No, no, it's not the ads - it's the Java
Serve all the ads all you want. God knows we can't go to a ballgame without seeing a Budweiser banner draped over the outfield wall. It's being watched that's objectionable. It's why the IOT is such a nightmare for me: marketers' ideal is to know even what we talk about in our own homes in order to profit from pushing personal advertisement, and no matter how strongly they feel they're entitled to such information, I equally strongly disagree. I don't want any corporation - even grocers - to know that I'm out of bread. I really can't see how that's unreasonable.
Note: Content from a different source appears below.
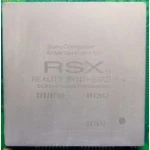 Chipset Grafico PS3 CXD2971AGB Reboleado sin Plomo para Reparación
For the moment our phones and PCs are their brightest eyes (eavesdropping television microphones notwithstanding (>cough!< Samsung!)) but in light of the recent picnic we saw a fortnight ago with long-pwned Apple devices suddenly and urgently needing an upgrade, it's clear that it's just begun. Tailoring my Java permissions is also why I'm spared the plague of Auto-Play that's turned up lately, so it follows that I would support a return to billboard-style advertising on the internet, as with the late millennium, in the days before Flash and Shockwave planted a neon "mug me" sign over every user online. Hotlinked JPEGs BUILT the frikin' internet, for cryin' out loud. I know, I was there.
Oh, billboards don't make as much money for advertisers? So sorry to hear that. PCs have been commoditized down to $250, movies on disc have been commoditized down to $2.99 in the checkout stand at the grocery store, my own job was commoditized and shipped to Bangalore. It's time we commoditized Madison Avenue's asses for once.